Chunxiong Bao, postdoc at Linköping University, types in a sentence on a computer screen, and the same sentence immediately appears on the neighbouring screen, optically transferred from one diode to another. The diode is made from perovskite, one of a large family of materials defined by their special crystal structure.
Perovskites consist of metal and halogen and have proved to be versatile semiconductors that are easy and cheap to manufacture. They also have the useful property of both detecting and emitting light. Researchers at Linköping University, together with colleagues in China, have now developed a diode that can be directed in two directions: it can receive optical signals and it can just as easily transmit them. This means that text and photographs can be wirelessly transmitted from one unit to the other and back again, using two identical units. And so rapidly that we experience it as happening in real time.
In the autumn of 2018, Chunxiong Bao discovered the correct perovskite to build a photodetector showing higher performance and longer lifetime, and described this in an article in Advanced Materials. The development of light-emitting diodes from perovskites has also made rapid progress. Weidong Xu, postdoc at Linköping University, developed a perovskite light-emitting diode with an efficiency of 21% last year, which is among the best in the world, and published the results in Nature Photonics. What the scientists have now achieved is to develop a perovskite that comprises a light-emitting diode and that at the same time is an excellent photodetector.
All optical communication requires rapid and reliable photodetectors—devices that capture light and convert it into an electrical signal.

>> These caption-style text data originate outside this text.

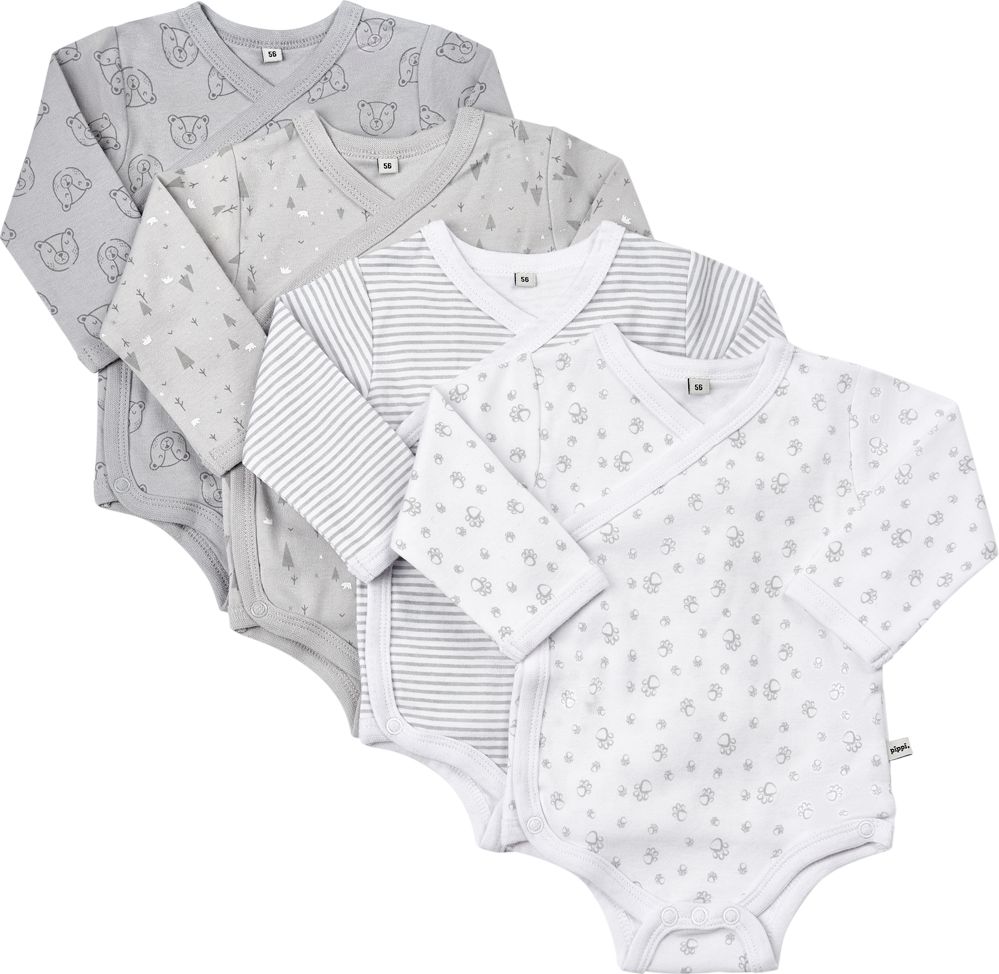 Pippi novorozenecké body s dlouhým rukávem set 4 ks 4760-190 Velikost: 50 - obrázek 1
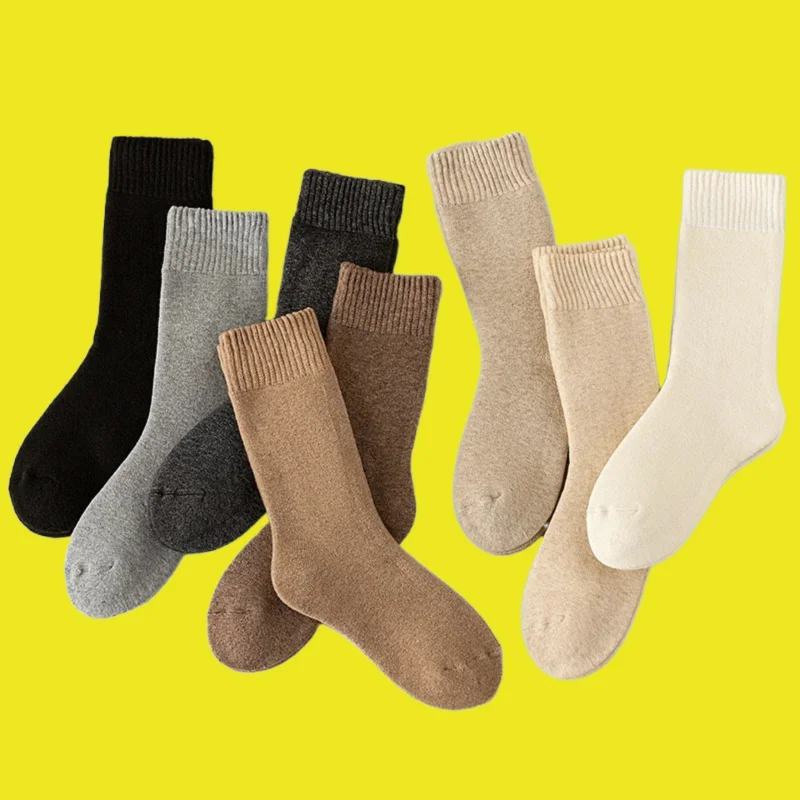 

5/10 Pairs Autumn and Winter Plus Velvet Thickening Warm Terry Socks Breathable Winter Women's Cashmere Socks Women's Socks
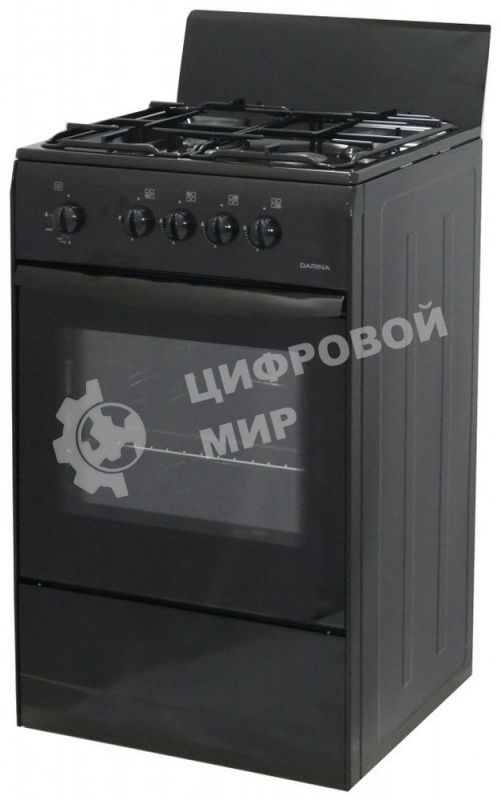 Плита газовая Darina S GM 441 001 At антрацит/черный, конфорок 4 шт, духовка 50 л, 50 см x 85 см x 51 см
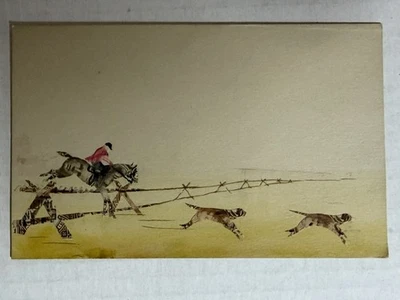 Vintage Cancelled Postage Stamp Collage, Estate Find Hunting Horse Dogs - Image 1 of 3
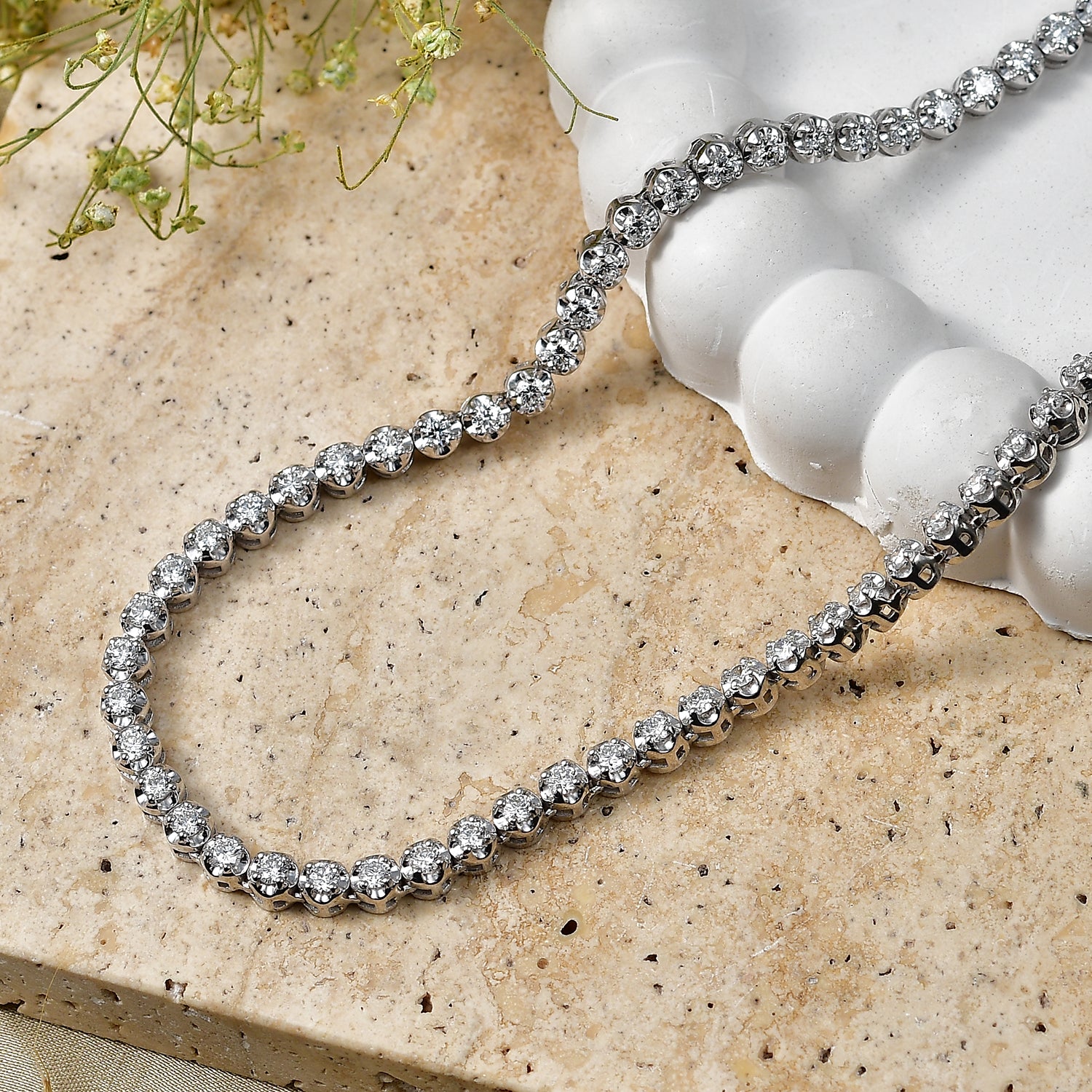 NYC CloseOut- Lab Grown Diamond (SI-G-H) Tennis Necklace (Size - 20) in Rhodium Overlay Sterling Silver 8.00 Ct, Silver Wt. 26.00 Gms 8600535 3
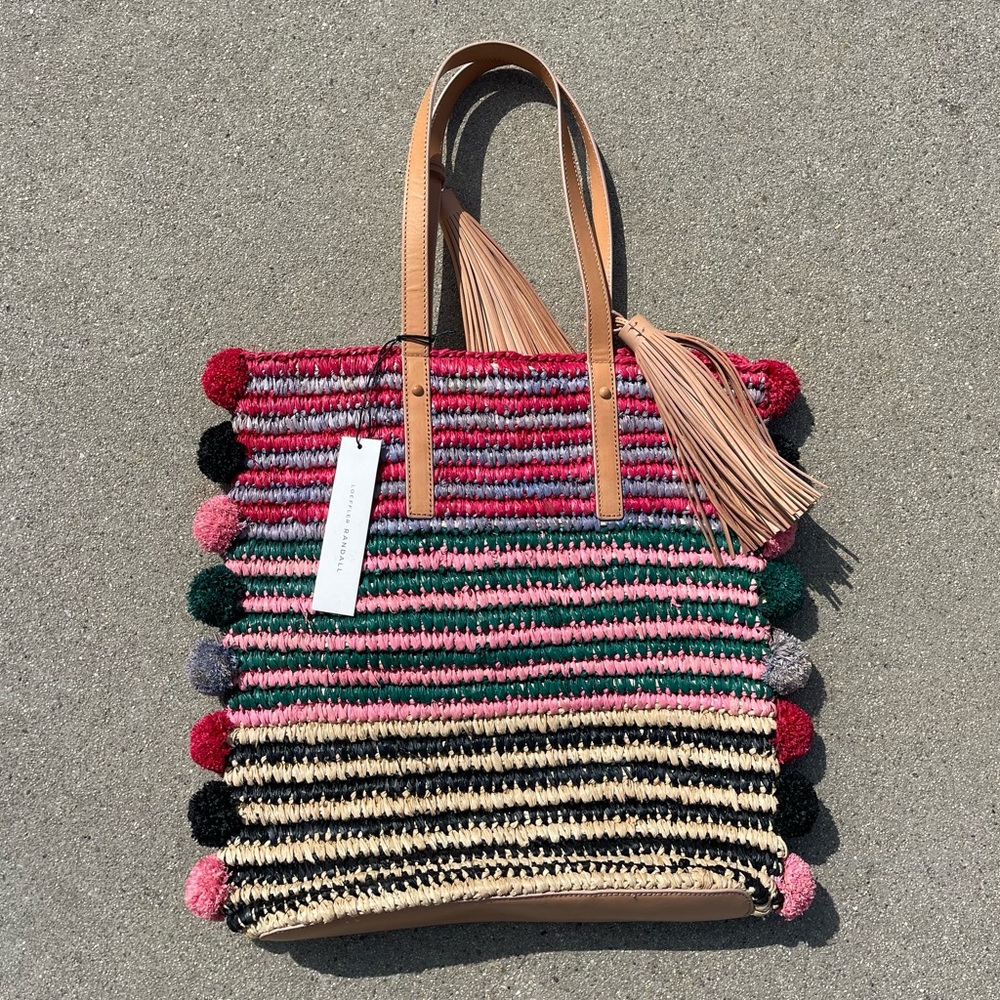 Loeffler Randall Rainbow Cruise Striped Straw Tote - Picture 2 of 7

Current optical communication systems use photodetectors made from materials such as silicon and indium gallium arsenide. These are, however, expensive and they cannot be used in applications that require low weight, flexibility, or large surfaces.
“In order to demonstrate the potential of our diode with double function, we have built a monolithic sensor that detects heart beats in real time, and an optical, bidirectional communication system,” says Chunxiong Bao, researcher in the Division of Biomolecular and Organic Electronics.
This tiny unit that can both receive and transmit optical signals provides a unique opportunity to simplify and shrink the functionality of the current optical systems, in particular given that it can also be integrated with traditional electronic circuits.
“We have managed to integrate optical signal transmission and reception into one circuit, something that makes it possible to transmit optical signals in both directions between two identical circuits. This is valuable in the field of miniaturised and integrated optoelectronics,” says Feng Gao, professor and head of research at the Division of Biomolecular and Organic Electronics.
The results have been published in Nature Electronics.